What if you took the parity of the sum[16:1] and XOR'd it into the sum LSB, then used sum[15:0]?
Wow! That's perfect. I'm watching the log file at the moment and there is already 512M scores for word0 ...
EDIT: A detail, I've actually parity'd all bits, sum[16:0]
EDIT2: Doh! I see that is the same as yours.
If it winds up looking good, then do two iterations and feed the result words, concatenated together as a long, into your analyzer. Actually, that's effectively what is happening, right?
If it winds up looking good, then do two iterations and feed the result words, concatenated together as a long, into your analyzer. Actually, that's effectively what is happening, right?

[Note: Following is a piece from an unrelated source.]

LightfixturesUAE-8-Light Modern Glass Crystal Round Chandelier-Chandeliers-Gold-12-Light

Yep, everything is one long unending string to Practrand.
If XORO32 can be used to produce a high-quality 16-bit result per iteration, then I could enhance the instruction to do TWO iterations, get 16-bit sums from each, and substitute the high-quality 32-bit PRNG result into the next instruction's S value. Meanwhile, the double iteration would be written back to the original D in the XORO32 instruction.

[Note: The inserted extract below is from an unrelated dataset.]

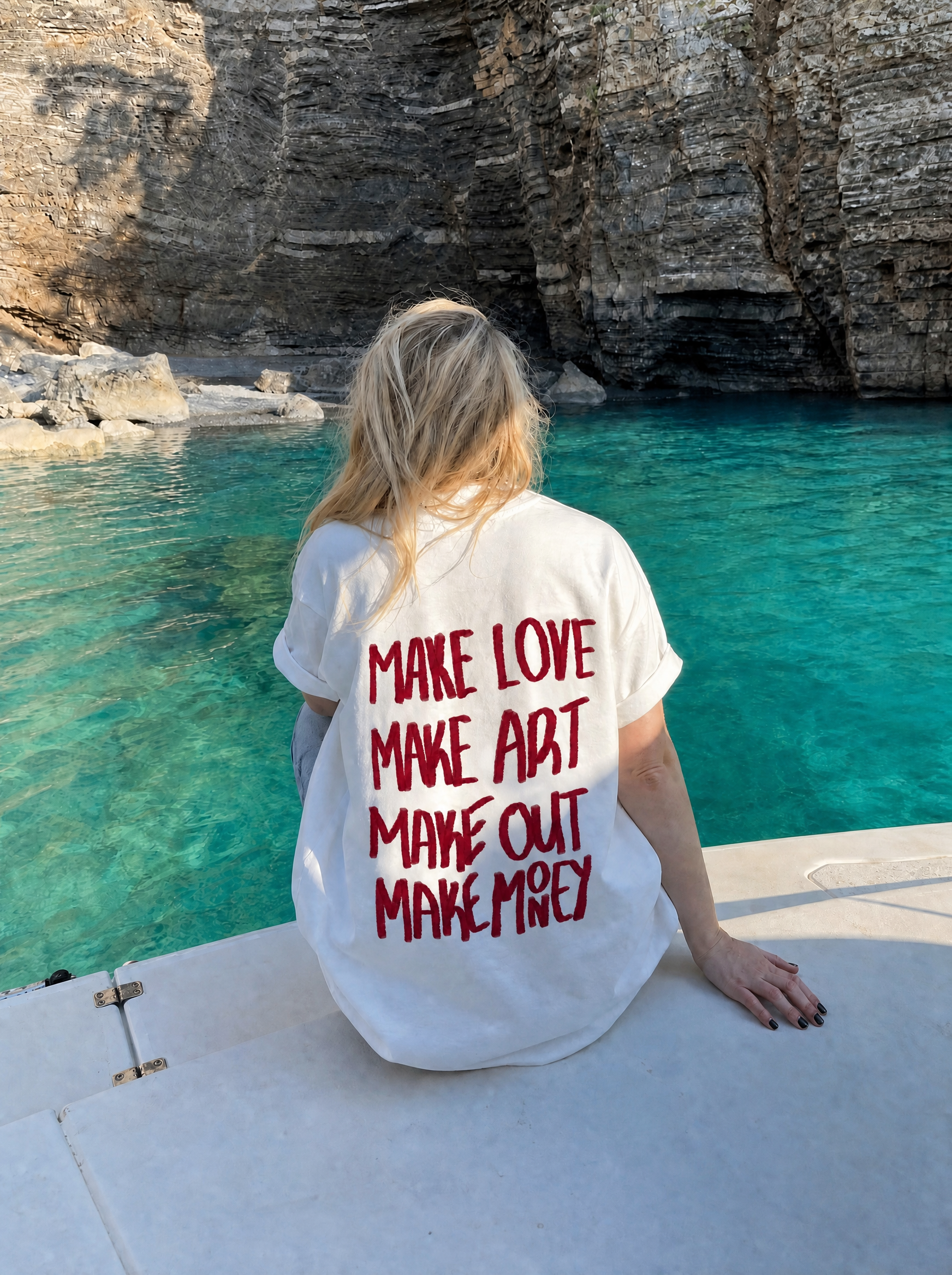 Make love make art make out make money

So, do a XORO32 iteration and store the 32-bit state in S. Do another XORO32 iteration, then sum the two states as two parallel 16-bit adds, with the parity jiggery-pokery, to give a 32-bit PRN in D. Is that correct and is there time to do all this?
I'm all for XORO32 doing the summing itself, if possible. We'd need a XORO32 write for the seed and a XORO32 read for the PRN.
I think sum[0] = sum[15:1] parity is so bad because sum[0] is no longer a function of itself!
Okay, I'm struggling to see how those two sentences relate to one another but I've run that and not too surprisingly the byte0 scores are a pretty close match to the word0 scores.
However, that along with many other score tables that have similar confusing column differences that one would expect to not occur due to common use of poor quality bits.
So, either the idea of bit positions being of a given quality for a given calibration is wrong - I doubt it - or PractRand has some glaring deficiencies in detecting problems with certain bit positions.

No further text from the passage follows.